Library unicode
Library methods for handling unicode strings.
Author:
Copyright © Same as Nmap--See https://nmap.org/book/man-legal.html
Source: https://svn.nmap.org/nmap/nselib/unicode.lua
Functions
- chardet (buf, len)
Determine (poorly) the character encoding of a string
- cp437_dec (buf, pos)
Decodes a CP437 character
- cp437_enc (cp)
Encode a Unicode code point to CP437
- decode (buf, decoder, bigendian)
Decode a buffer containing Unicode data.
- encode (list, encoder, bigendian)
Encode a list of Unicode code points
- transcode (buf, decoder, encoder, bigendian_dec, bigendian_enc)
Transcode a string from one format to another
- utf16_dec (buf, pos, bigendian)
Decodes a UTF-16 character.
- utf16_enc (cp, bigendian)
Encode a Unicode code point to UTF-16. See RFC 2781.
- utf16to8 (from)
Helper function for the common case of UTF-16 to UTF-8 transcoding, such as from a Windows/SMB unicode string to a printable ASCII (subset of UTF-8) string.
- utf8_dec (buf, pos)
Decodes a UTF-8 character.
- utf8_enc (cp)
Encode a Unicode code point to UTF-8. See RFC 3629.
- utf8to16 (from)
Helper function for the common case of UTF-8 to UTF-16 transcoding, such as from a printable ASCII (subset of UTF-8) string to a Windows/SMB unicode string.
Functions
- chardet (buf, len)
-
Determine (poorly) the character encoding of a string
First, the string is checked for a Byte-order Mark (BOM). This can be examined to determine UTF-16 with endianness or UTF-8. If no BOM is found, the string is examined.
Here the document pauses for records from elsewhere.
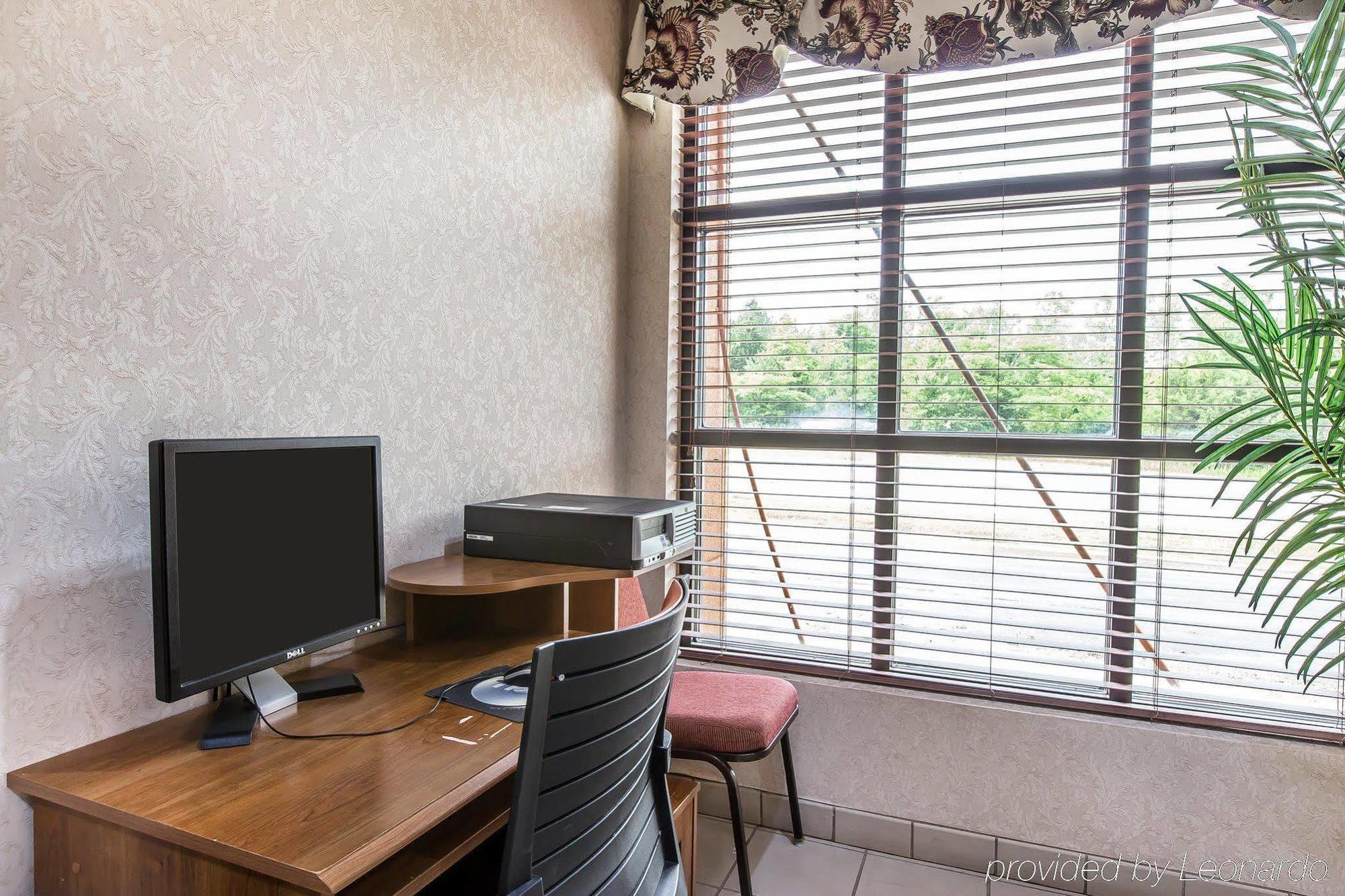 Quality Inn & Suites Montgomery East Carmichael Rd Eksteriør bilde
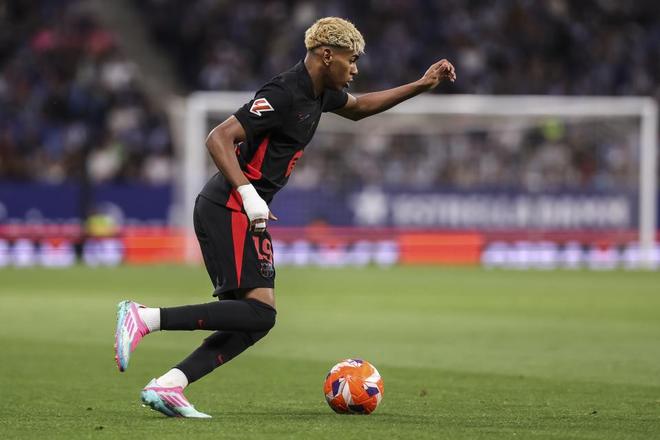 球星连续抢下关键篮板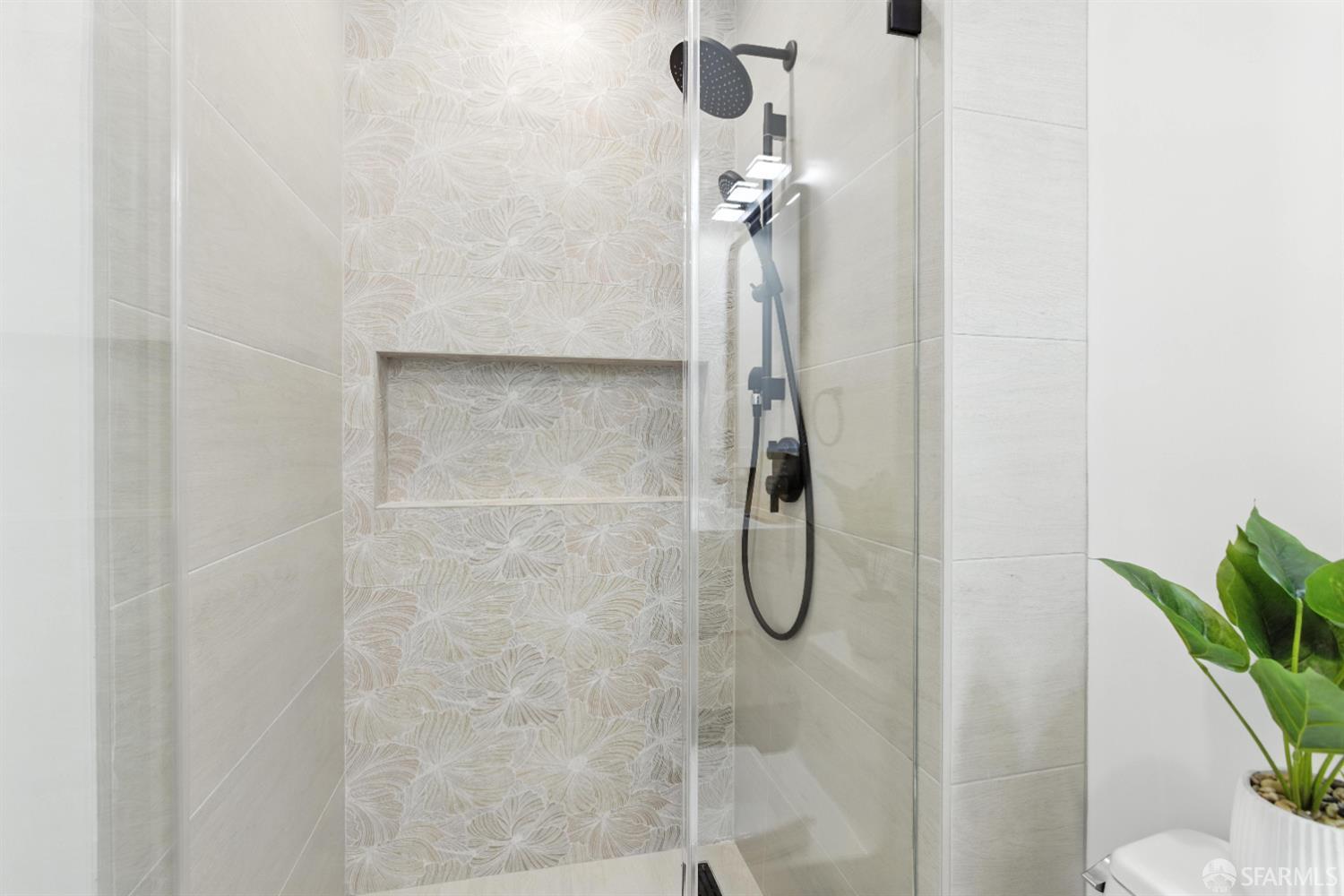 Detail Gallery Image 40 of 98 For 326 10th Ave, San Francisco,  CA 94118 - 4 Beds | 4 Baths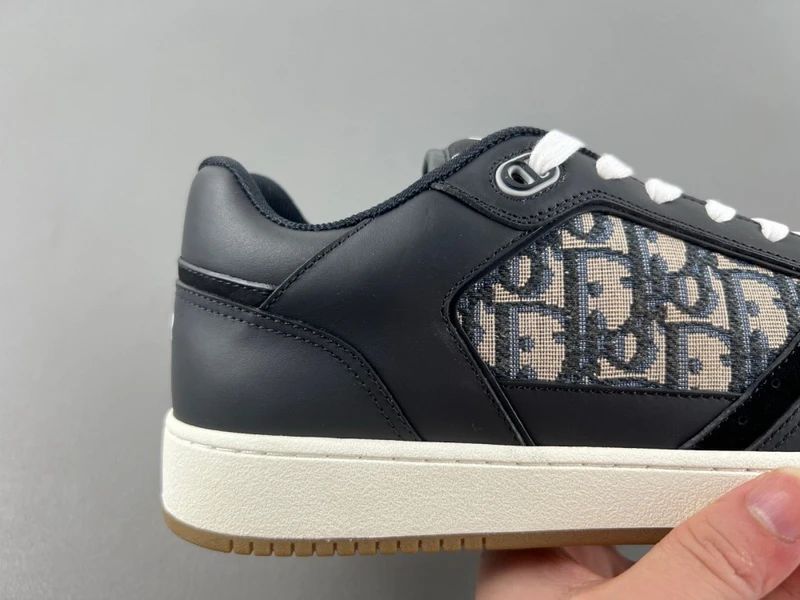 CD B27 Low Black Beige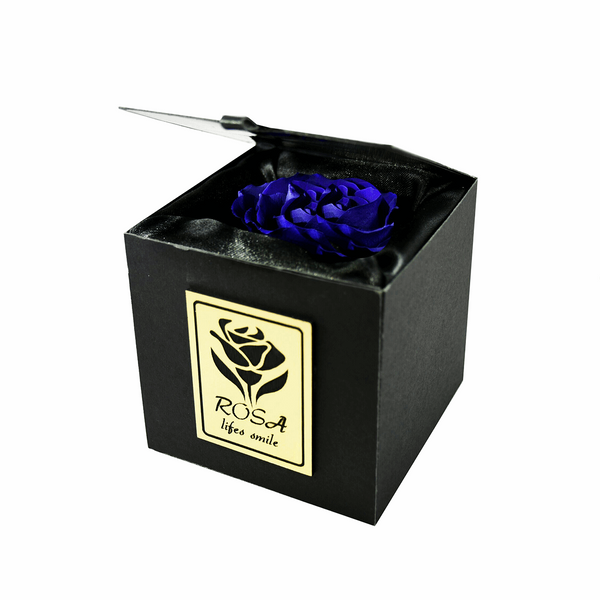 جعبه گل ماندگار رزا مدل رز جاودان آبی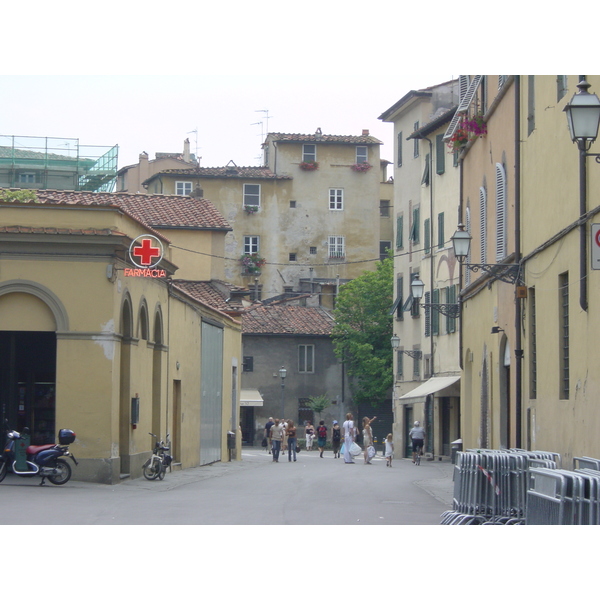 รูปถ่าย อิตาลี(Italy) ลุคคา(Lucca) 2002-07 13
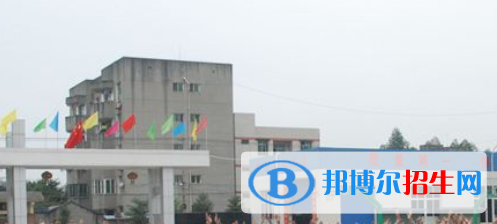 四川2022年女生上什么計(jì)算機(jī)學(xué)校比較好
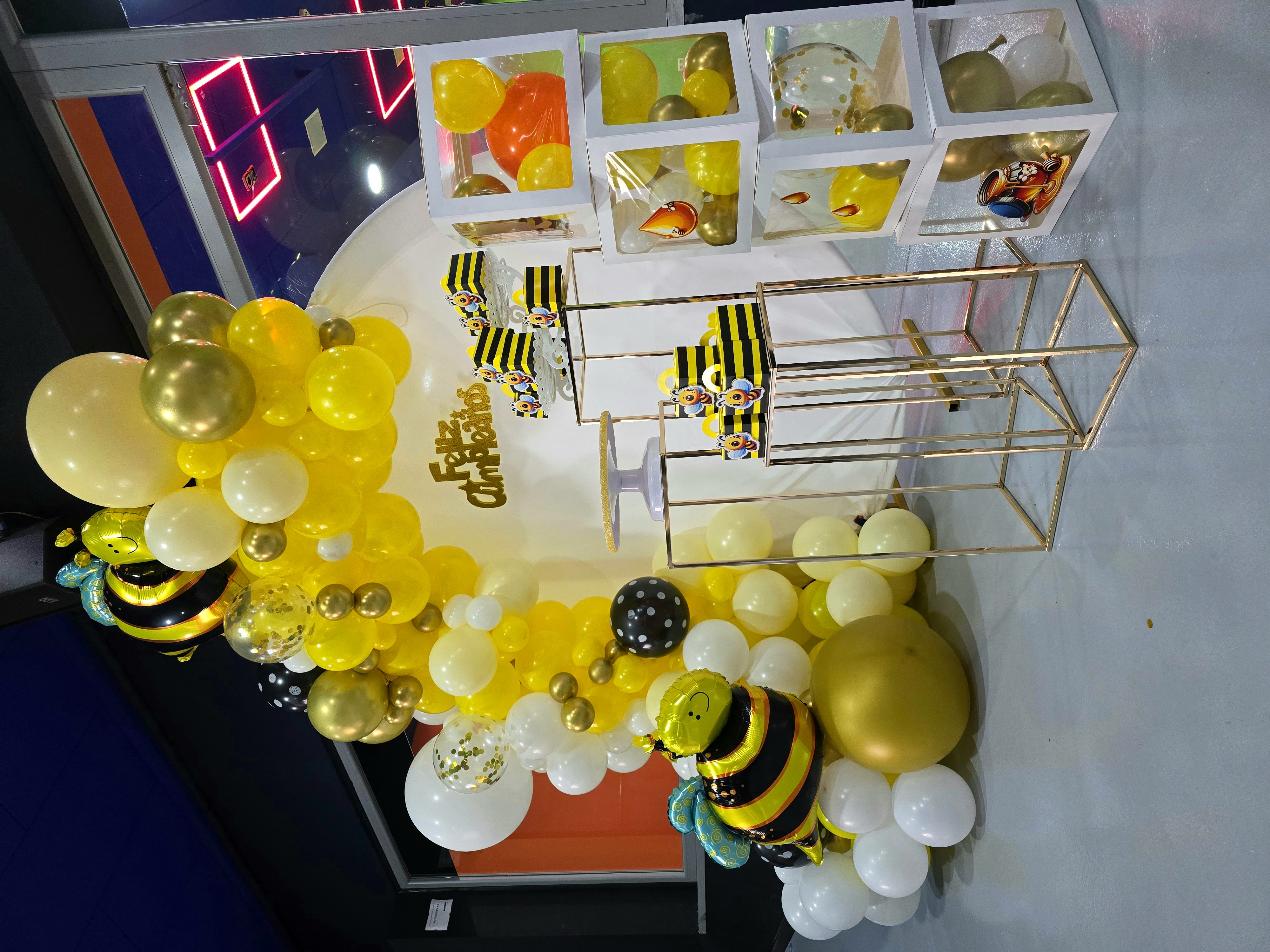 Set Bee Party — Photocall abejitas amarillo & dorado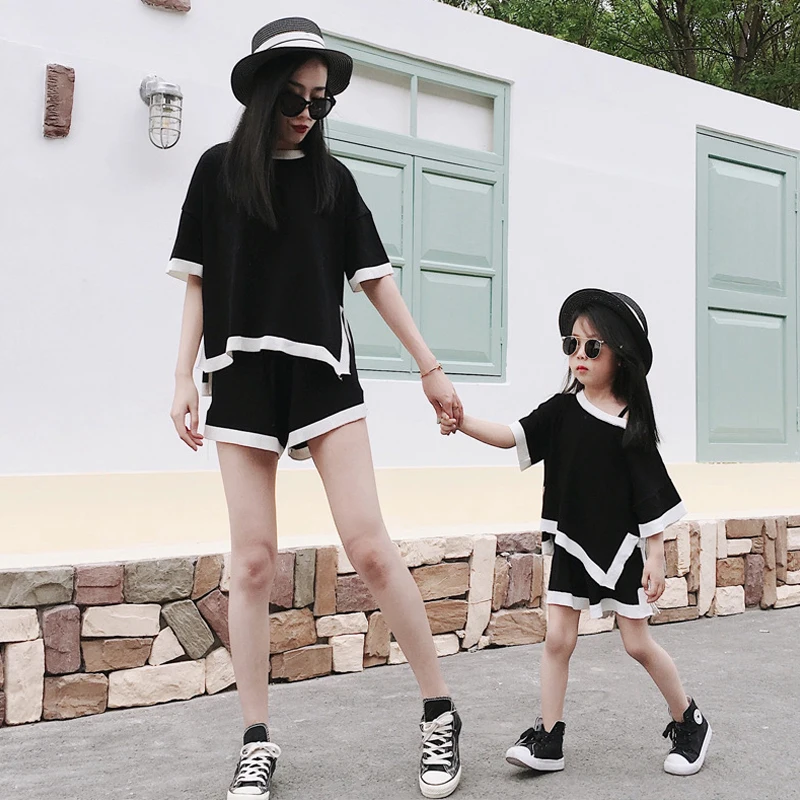 

Mommy And Me Clothes Matching Family Outfits Fashion Baby Girl Clothes Set 2 PCS Top With Short Pants 2019 Summer Women Clothing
If null bytes are encountered, UTF-16 is assumed. Endianness is determined by byte position, assuming the null is the high-order byte. Otherwise, if byte values over 127 are found, UTF-8 decoding is attempted. If this fails, the result is 'other', otherwise it is 'utf-8'. If no high bytes are found, the result is 'ascii'.
Parameters
- buf
- The string/buffer to be identified
- len
- The number of bytes to inspect in order to identify the string. Default: 100
Return value:
A string describing the encoding: 'ascii', 'utf-8', 'utf-16be', 'utf-16le', or 'other' meaning some unidentified 8-bit encoding - cp437_dec (buf, pos)
-
Decodes a CP437 character
Parameters
- buf
- A string containing the character
- pos
- The index in the string where the character begins
Return values:
- pos The index in the string where the character ended
- cp The code point of the character as a number
- cp437_enc (cp)
-
Encode a Unicode code point to CP437
Returns nil if the code point cannot be found in CP437
Parameters
- cp
- The Unicode code point as a number
Return value:
A string containing the related CP437 character - decode (buf, decoder, bigendian)
-
Decode a buffer containing Unicode data.
Parameters
- buf
- The string/buffer to be decoded
- decoder
- A Unicode decoder function (such as utf8_dec)
- bigendian
- For encodings that care about byte-order (such as UTF-16), set this to true to force big-endian byte order. Default: false (little-endian)
Return value:
A list-table containing the code points as numbers - encode (list, encoder, bigendian)
-
Encode a list of Unicode code points
Parameters
- list
- A list-table of code points as numbers
- encoder
- A Unicode encoder function (such as utf8_enc)
- bigendian
- For encodings that care about byte-order (such as UTF-16), set this to true to force big-endian byte order. Default: false (little-endian)
Return value:
An encoded string - transcode (buf, decoder, encoder, bigendian_dec, bigendian_enc)
-
Transcode a string from one format to another
The string will be decoded and re-encoded in one pass. This saves some overhead vs simply passing the output of
unicode.encode
tounicode.decode
.Parameters
- buf
- The string/buffer to be transcoded
- decoder
- A Unicode decoder function (such as utf16_dec)
- encoder
- A Unicode encoder function (such as utf8_enc)
- bigendian_dec
- Set this to true to force big-endian decoding.
- bigendian_enc
- Set this to true to force big-endian encoding.
Return value:
An encoded string - utf16_dec (buf, pos, bigendian)
-
Decodes a UTF-16 character.
Does not check that the returned code point is a real character. Specifically, it can be fooled by out-of-order lead- and trail-surrogate characters.
Parameters
- buf
- A string containing the character
- pos
- The index in the string where the character begins
- bigendian
- Set this to true to encode big-endian UTF-16. Default is false (little-endian)
Return values:
- pos The index in the string where the character ended
- cp The code point of the character as a number
- utf16_enc (cp, bigendian)
-
Encode a Unicode code point to UTF-16. See RFC 2781.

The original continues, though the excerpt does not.